Hal Sutton sat alone in the lobby of a Toronto hotel before the sun rose on the day after his 11th career PGA Tour victory, a newspaper in his lap as he waited for a shuttle bus to take him to the airport.

Andre Agassi won the U.S. Open.

The New Orleans Saints won their NFL opener.

Oh, and a 41-year-old Louisiana man with a new lease on life and unwavering confidence won the Canadian Open. Sutton got to the golf secton and kept flipping the pages.

"Anything good there in there about you?" a hotel guest asked him.

Sutton smiled but ignored the question. There was a time when reading too many stories about himself, about whether he really was the next Jack Nicklaus, led to a slump so severe it nearly caused him to find a new career during what should have been his prime.

He went eight years without winning, 12 years before he actually felt anywhere near the same man who won The Players Championship and the PGA Championship at 25.

"I went through a stretch where everybody thought I was ... not living up to everybody else's expectations," he once said. "I was letting people influence my thinking. So I started trying to make changes.

"I should have kept doing what Hal Sutton knew how to do," he added. "I should have been myself instead of trying to become someone else."

Twin daughters born in January and another daughter who turns 3 in November make Sutton feel younger than he is. Nothing turns back the clock like winning, especially the way he dissected a difficult Glen Abbey course in the final round.
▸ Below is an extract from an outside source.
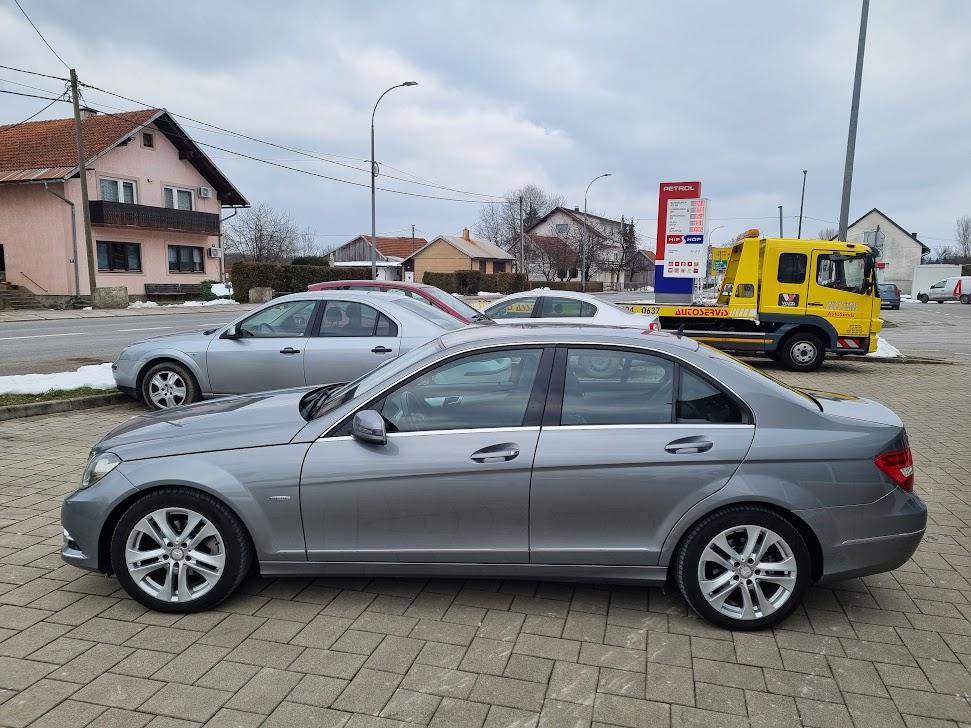Mercedes-Benz C-klasa 180 CDI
It was the kind of tournament that reminds people how good Sutton was, and still is, and why he may be one of the most reliable players for captain Ben Crenshaw when that little exhibition with Europe rolls around next week.

Sutton has gone a dozen years between Ryder Cups, another price he had to pay for his midlife crisis. Losing made him tougher, more disciplined. He was so desperate to win he stopped caring about the credentials he once carried.

That might not be a bad example for teammates to follow if they don't want to see Europe load the Ryder Cup onto the Concorde after next week.

"Experience is always a factor if you're going to succeed," Sutton said. "But there is a lot more that factors into succeeding at the Ryder Cup. We're all going to have to reach down inside and do a little gut-check, and decide how bad we want this."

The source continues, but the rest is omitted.